[Data records]
• • • •

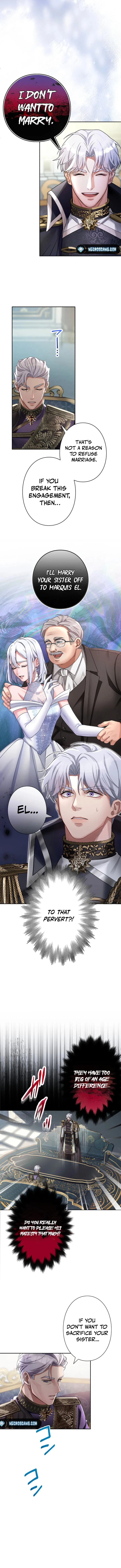 I Can’t Stop Doting the Empire’s Most Notorious Villainess! Chapter 1 - Page 10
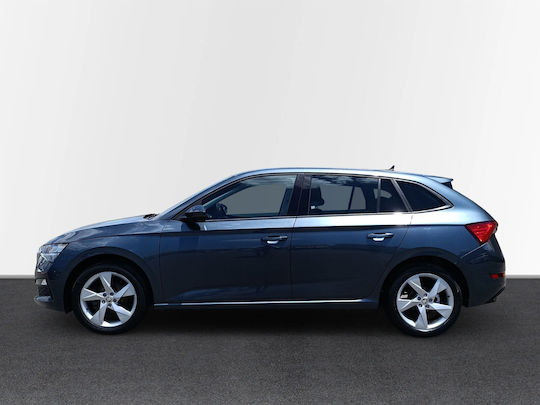 Skoda Скала 1.6 TDI DSG Стайл '20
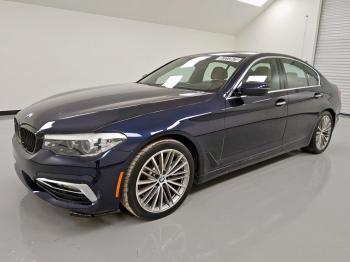  Salvage BMW 5 Series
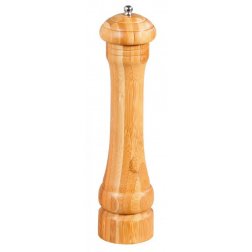 Kesper Mlýnek na koření, výška 26,5 cm, vyroben z bambusového dřeva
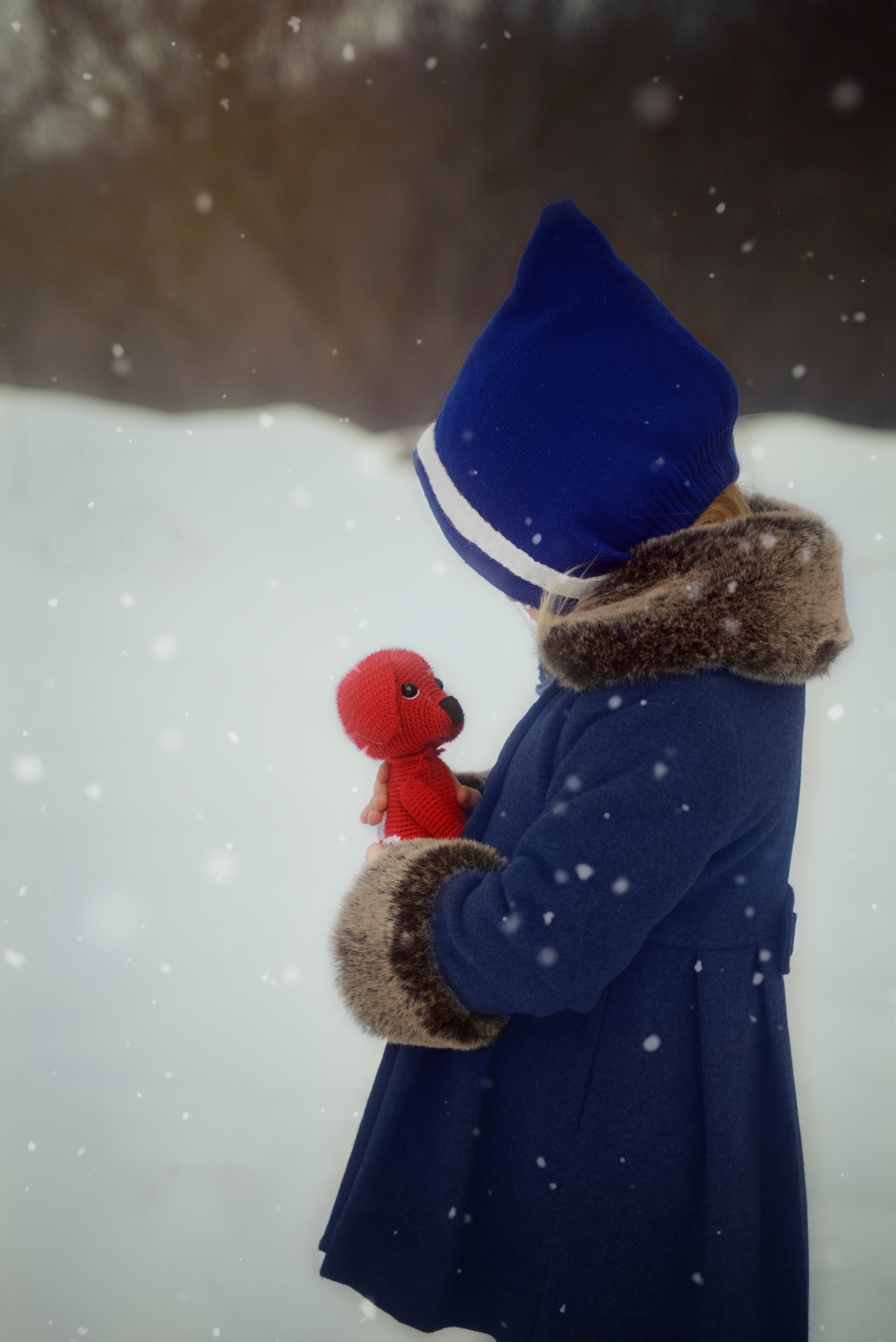 «Варежка». Фотограф Карпова Екатерина в Коломне и области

• • • •

## Exercise description
Exactly the lines from the one with "Kesper Mlýnek na" through the end of the entries above must be written out, and no pictures may be included.

## Written response
 Kesper Mlýnek na koření, výška 26,5 cm, vyroben z bambusového dřeva
 «Варежка». Фотограф Карпова Екатерина в Коломне и области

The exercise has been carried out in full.